Jakarta – Ketua Umum PDI Perjuangan, Megawati Soekarnoputri, mengeluarkan instruksi kepada para kepala daerah dari partainya untuk menunda partisipasi dalam kegiatan retret yang diadakan pemerintah di Akademi Militer (Akmil) Magelang, Jawa Tengah.
Retret tersebut awalnya dijadwalkan berlangsung selama satu pekan, dari 21 hingga 28 Februari 2025. Kegiatan ini diadakan bagi seluruh kepala daerah terpilih yang akan bekerja di bawah pemerintahan Presiden Prabowo Subianto dan Wakil Presiden Gibran Rakabuming Raka. Namun, Megawati meminta kadernya menunda keikutsertaan mereka menyusul penahanan Sekjen PDIP, Hasto Kristiyanto, oleh Komisi Pemberantasan Korupsi (KPK).
Hasto resmi ditahan pada Kamis, 20 Februari 2025, setelah menjalani pemeriksaan kedua di KPK. Ia diduga terlibat dalam kasus suap yang melibatkan mantan kader PDIP, Harun Masiku, serta kasus perintangan penyidikan. Harun sendiri masih berstatus buron akibat dugaan suap terhadap mantan Komisioner Komisi Pemilihan Umum (KPU), Wahyu Setiawan, dalam periode 2019-2020.
Ketua KPK, Setyo Budiyanto, mengungkapkan bahwa Hasto diduga berperan dalam mempengaruhi Harun Masiku untuk menghancurkan alat komunikasi guna menghilangkan bukti saat KPK hendak melakukan operasi tangkap tangan (OTT) pada Januari 2020. Selain itu, ia juga disebut meminta Kusnadi, penjaga Rumah Aspirasi PDIP, untuk merendam ponselnya guna menghindari penyitaan oleh KPK.
Isi Instruksi Megawati Soekarnoputri
Instruksi Megawati mengenai penundaan retret ini tertuang dalam surat resmi bernomor 7294/IN/DPP/II/2025 yang diterbitkan pada 20 Februari 2025. Juru Bicara PDIP, Guntur Romli, menyampaikan bahwa instruksi tersebut disebarkan dalam bentuk dokumen elektronik.
Surat tersebut menyoroti dinamika politik yang sedang terjadi, termasuk dugaan kriminalisasi hukum terhadap Sekjen PDIP, Hasto Kristiyanto.
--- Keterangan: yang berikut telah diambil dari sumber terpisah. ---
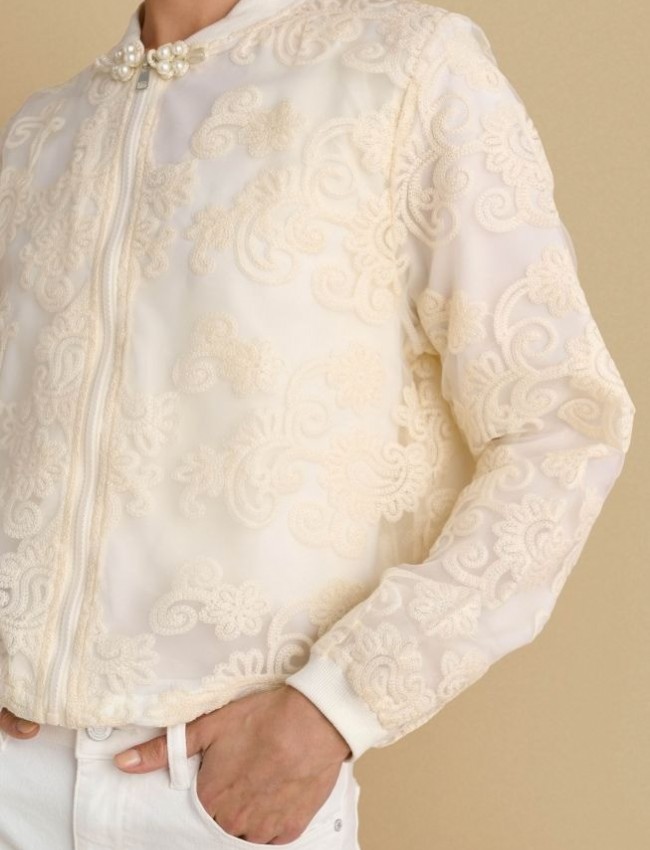 Βανίλια bober-jacket, με broderie λεπτομέρειες, κλειστή στρογγυλή λαιμόκοψη, ρυθμιζόμενο λάστιχο στο τελείωμα, διακοσμητικές πέρλες και κλείσιμο με φερμουάρ μπροστά Attrattivo 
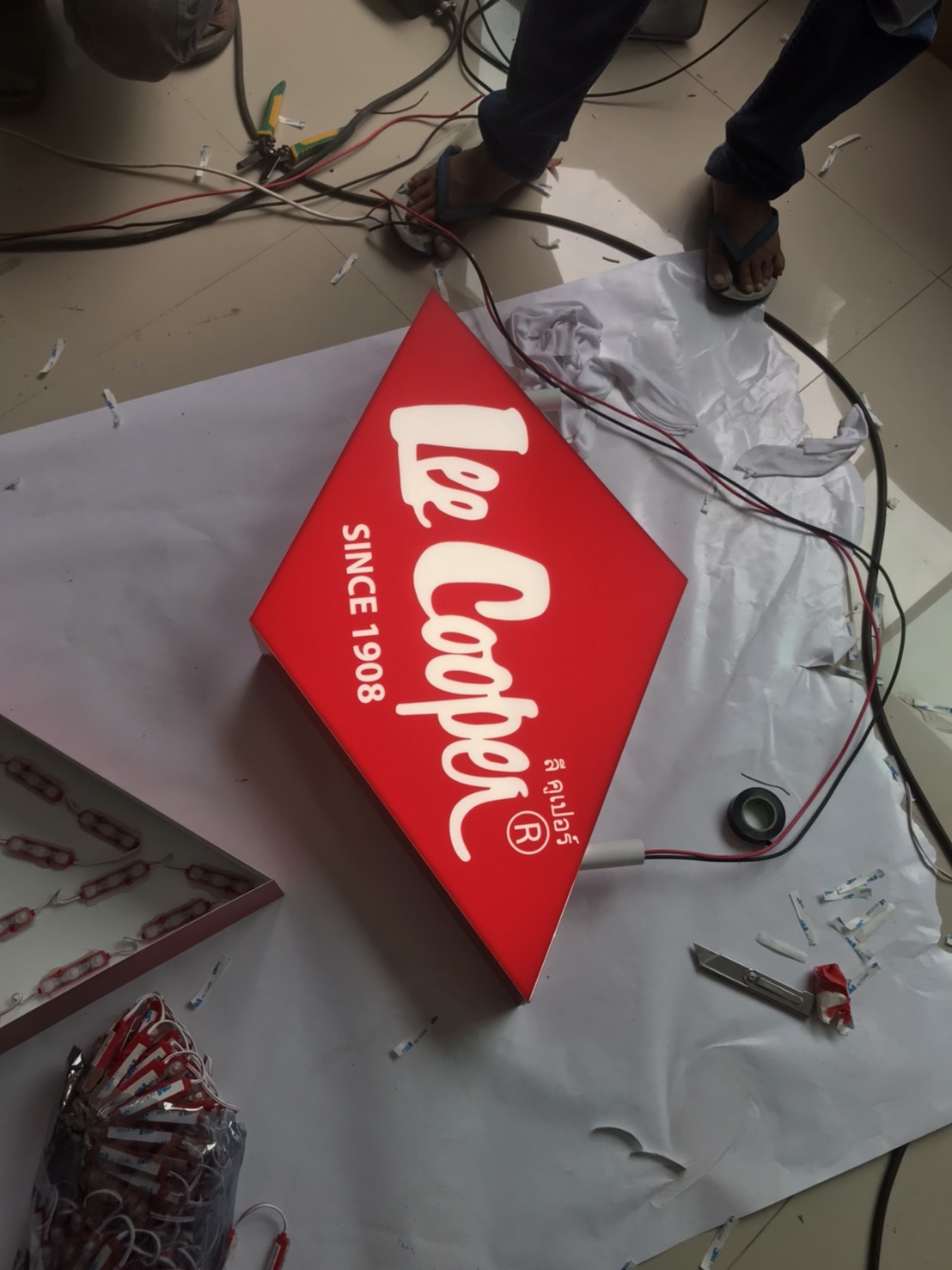 งานโลโก้ป้ายไฟแอลอีดี งานLEE COOPER ลี คูเปอร์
Selain itu, surat tersebut juga mengacu pada Pasal 28 Ayat 1 Anggaran Dasar dan Anggaran Rumah Tangga (AD/ART) PDIP yang menyatakan bahwa Ketua Umum memiliki kewenangan penuh dalam menentukan kebijakan partai, baik secara internal maupun eksternal.
Dalam instruksinya, Megawati menyampaikan dua poin utama yang harus ditaati oleh para kepala daerah dari PDIP:
- Kepala daerah dan wakil kepala daerah diminta menunda perjalanan ke Magelang untuk mengikuti retret pada 21-28 Februari 2025. Jika sudah dalam perjalanan, mereka diminta segera berhenti dan menunggu arahan lebih lanjut dari Ketua Umum.
- Para kepala daerah harus tetap menjaga komunikasi aktif dan siaga dalam koordinasi langsung dengan partai.
Hingga saat ini, belum ada informasi lebih lanjut mengenai langkah yang akan diambil PDIP terkait situasi ini setelah penahanan Hasto oleh KPK.